WEDNESDAY, Feb. 23 (HealthDay News) -- How quickly and smoothly
people move on from a lover's quarrel has a lot to do with the
relationships each partner had in earliest childhood with the
people who raised them, new research reveals.
The finding stems from the the University of Minnesota's ongoing
tracking of a group of people that began in the mid-1970s, before
the study participants were even born.
Doctoral candidate Jessica E. Salvatore and a team of
researchers from the University of Minnesota report their
observations in the current issue of
Psychological Science.
The authors explain that when the study participants reached the
age of 20, each was asked to enlist his or her romantic partner in
a discussion exercise in which they were first instructed to launch
a topic of conversation about an issue on which there was
disagreement.
The resulting quarrel was then followed by a second discussion
of a subject on which the partners saw eye to eye. This discourse
was viewed as a "cool-down" period, designed to transition away
from the previous conflict.
However, Salvatore and her co-authors noticed that not all
cool-downs transpired with equal ease. In some cases, the partners
were able to quickly leave their fight behind; in others, one or
both partners were unable to let go of the previous conflict.
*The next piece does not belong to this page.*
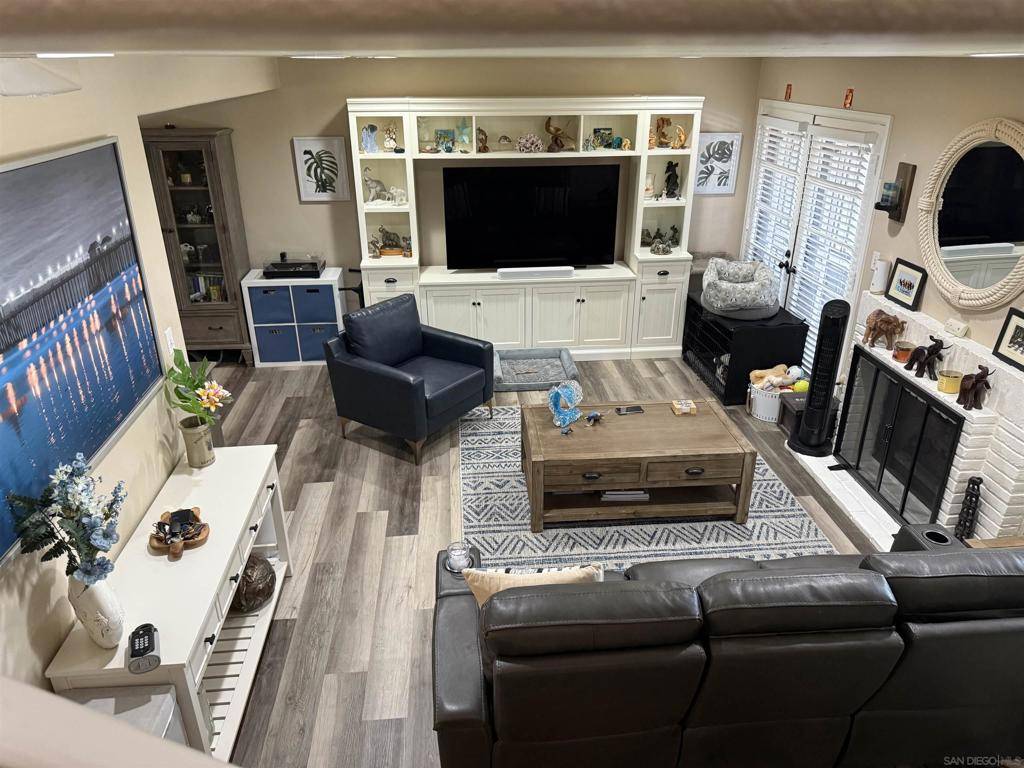 Escondido, CA 92025,1651 S Juniper Street #195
A subsequent look at each partner's early childhood background
(between the ages of 1 and 18 months) unearthed a connection
between the quality of their early connection to their caregivers
and their ability to move on from conflict as adults.
Specifically, those who had more so-called "secure" attachments
to their childhood caregivers seemed to have less of a problem
dealing with conflict in the present. In other words, caregivers
who had more success regulating the negative emotions of their
young wards instilled them with better coping skills for dealing
with negative emotions as adults.
That said, the authors noted that those with saddled with a
less-than-idyllic past are not necessarily doomed to live out a
contentious present. Their suggestion: when it comes to
compensating for an emotionally negative childhood, marry up --
emotionally.
"We found that people who were insecurely attached as infants but whose adult romantic partners recover well from conflict are likely to stay together," Salvatore noted. "If one person can lead this process of recovering from conflict, it may buffer the other person and the relationship."
"That, to us, was the most exciting finding," he added. "There's something about the important people later in our lives that changes the consequences of what happened earlier."
More information
For more on conflict resolution, visit
helpguide.org.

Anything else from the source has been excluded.